O que não constava da programação era a entrada em campo de dois novos competidores para valer: o PSB do vereador Eduardo Leite, cacifadíssimo pelo partido do vice-presidente da República, Geraldo Alckmin, e o PT de Bete Siraque, bancadíssimo pelo PT do presidente Lula da Silva.
O mundo surpreendente da política que há pouco tempo parecia encaminhar-se a um novo jogo amistoso entre situacionistas e frágeis oposicionistas em Santo André agora desaguou uma disputa que se apresenta encardida. Os próximos capítulos deverão ser tão interessantes quanto servirão de combustível a mais lenha na fogueira nos dois últimos meses de campanha.
RISCO AINDA MAIOR?
O que parecia praticamente impossível se consolida de forma aparentemente incontrolável a ponto de surgir no horizonte uma projeção até então descartável, algo que jamais até então alguém poderia sugerir: o PSDB de Paulinho Serra e seus parceiros partidários correriam o risco de morrer na praia do primeiro turno.
Por enquanto, a bem da verdade e sem dar muita corda às especulações, é muito pouco provável que a turma do prefeito fique a ver navios numa espécie de botafogada ainda mais drástica. Botafogada mais drástica seria não só perder a eleição mais ganha da história como, pior ainda, não passar ao segundo turno.
A botafogada original mereceu a marca de botafogada porque o Botafogo líder disparado despencou do primeiro para o segundo turno no Campeonato Brasileiro do ano passado.
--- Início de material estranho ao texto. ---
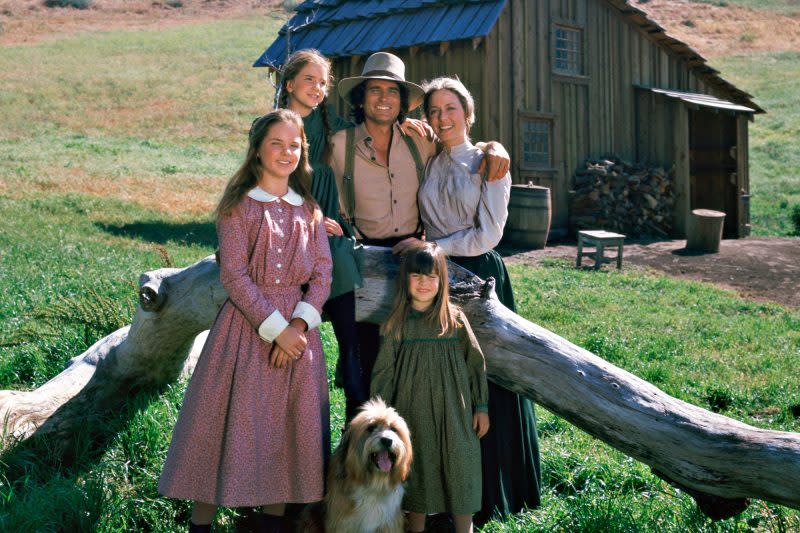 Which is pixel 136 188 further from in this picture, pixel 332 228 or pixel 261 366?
pixel 261 366

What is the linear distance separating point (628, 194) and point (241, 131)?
55.0 feet

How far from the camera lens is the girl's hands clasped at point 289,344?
349cm

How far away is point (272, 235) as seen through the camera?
11.8 feet

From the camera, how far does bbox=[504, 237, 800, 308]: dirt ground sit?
11.5 meters

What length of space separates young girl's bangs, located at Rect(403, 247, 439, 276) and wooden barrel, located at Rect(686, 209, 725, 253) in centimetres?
1164

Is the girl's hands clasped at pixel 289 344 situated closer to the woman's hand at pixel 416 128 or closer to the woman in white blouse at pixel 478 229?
the woman in white blouse at pixel 478 229

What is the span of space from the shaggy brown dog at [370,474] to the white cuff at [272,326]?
53 centimetres

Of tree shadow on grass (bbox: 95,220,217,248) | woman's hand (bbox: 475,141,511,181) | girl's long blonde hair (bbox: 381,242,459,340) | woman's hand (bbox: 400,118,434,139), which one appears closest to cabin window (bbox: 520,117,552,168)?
tree shadow on grass (bbox: 95,220,217,248)

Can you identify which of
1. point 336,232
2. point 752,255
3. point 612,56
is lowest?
point 752,255

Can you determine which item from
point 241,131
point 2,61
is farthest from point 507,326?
point 2,61

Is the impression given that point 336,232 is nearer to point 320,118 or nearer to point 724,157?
point 320,118

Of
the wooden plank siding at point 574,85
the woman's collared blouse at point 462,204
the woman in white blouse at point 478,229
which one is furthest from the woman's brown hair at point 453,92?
the wooden plank siding at point 574,85

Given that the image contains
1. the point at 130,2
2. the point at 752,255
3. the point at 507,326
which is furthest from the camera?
the point at 130,2

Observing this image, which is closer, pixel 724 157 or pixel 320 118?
pixel 320 118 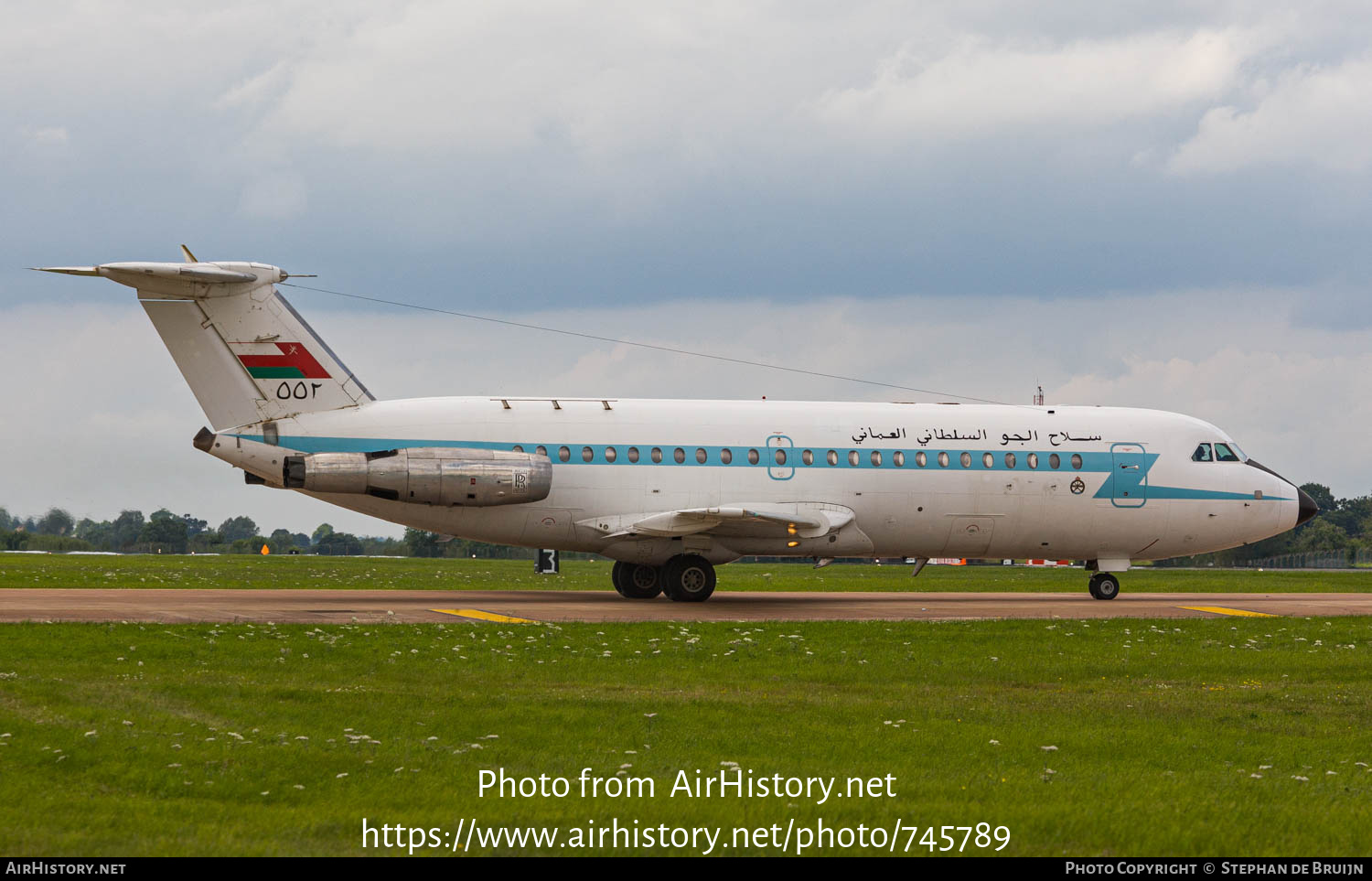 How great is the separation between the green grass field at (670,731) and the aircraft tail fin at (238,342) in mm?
8418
Há alguns aspectos que precisam ser considerados neste início de maio para que se compreenda as razões para estimular especulações danosas ao grupo de Paulinho Serra. Vejam um resumo resumido:
PRIMEIRO CENÁRIO
O candidato do Paço Municipal, ainda não anunciado mas que não sai do cangote de eventos e fotos oficiais com o prefeito Paulinho Serra, não decola nas pesquisas que mais valem, ou seja, as pesquisas não publicadas. Gilvan Júnior é secretário de Saúde, passou por outras secretarias mas encontra resistências internas. Sair candidato é uma coisa; obter apoio de quem deverá tocar a campanha é outra coisa.
SEGUNDO CENÁRIO
O PT vai de Bete Siraque e com o apoio para valer da massa que tem o presidente Lula da Silva como maior referências popular. Até outro dia o PT entregava tudo o que tinha como linha auxiliar do Paço Municipal. Os dirigentes locais mandavam e desmandavam na definição e operação do acordo de boa-vizinhança com o prefeito tucano. Brasília entrou em campo e a ordem foi dada, em sintonia com o desgaste das rupturas da Administração de Paulinho Serra. E a ordem é jogar o jogo para valer.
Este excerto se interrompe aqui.